Alternativamente, pode contactar os serviços de atendimento da Segurança Social da sua zona de residência. Se tiver alguma deficiência ou incapacidade, o Balcão da Inclusão é o ponto de contacto adequado, sendo recomendável agendar previamente o atendimento através do formulário disponível no site da Segurança Social.
As comparticipações são calculadas com base numa percentagem sobre o rendimento per capita do agregado familiar. Esta percentagem pode variar entre 75% e 90%, dependendo do grau de dependência do idoso. Se o utente não estiver a receber o complemento por dependência do 1.º grau no momento da admissão, mas já o tiver solicitado, a IPSS pode aplicar a percentagem máxima de comparticipação (90%). Caso o complemento seja negado, a percentagem será ajustada em conformidade.
É importante notar que pode haver uma comparticipação adicional por parte de descendentes e outros familiares, que será avaliada com base na capacidade económica do respetivo agregado familiar.
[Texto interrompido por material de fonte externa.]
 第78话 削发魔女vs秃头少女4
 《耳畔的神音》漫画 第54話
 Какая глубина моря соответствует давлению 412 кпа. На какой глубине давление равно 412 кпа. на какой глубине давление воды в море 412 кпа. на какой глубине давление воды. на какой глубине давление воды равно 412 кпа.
A Importância de Escolher um Lar Certificado e Qualificado
Independentemente de optar por uma residência privada ou um lar comparticipado, é crucial assegurar-se de que a instituição escolhida possui alvará e oferece todas as condições necessárias para acolher o idoso. Embora existam inspeções constantes neste tipo de estabelecimentos, é fundamental que o próprio interessado ou os seus familiares procurem compreender as respostas que cada instituição oferece e se estas estão em conformidade com as normas legais em vigor.
Verifique as instalações, a higiene, a qualidade da alimentação e, sobretudo, a qualificação dos profissionais. Lembre-se que este local será, muito provavelmente, o lar do idoso nos próximos anos, e a qualidade dos cuidados e do ambiente é determinante para o seu bem-estar e qualidade de vida. Escolher com critério e informação é um passo essencial para garantir um envelhecimento com dignidade e segurança.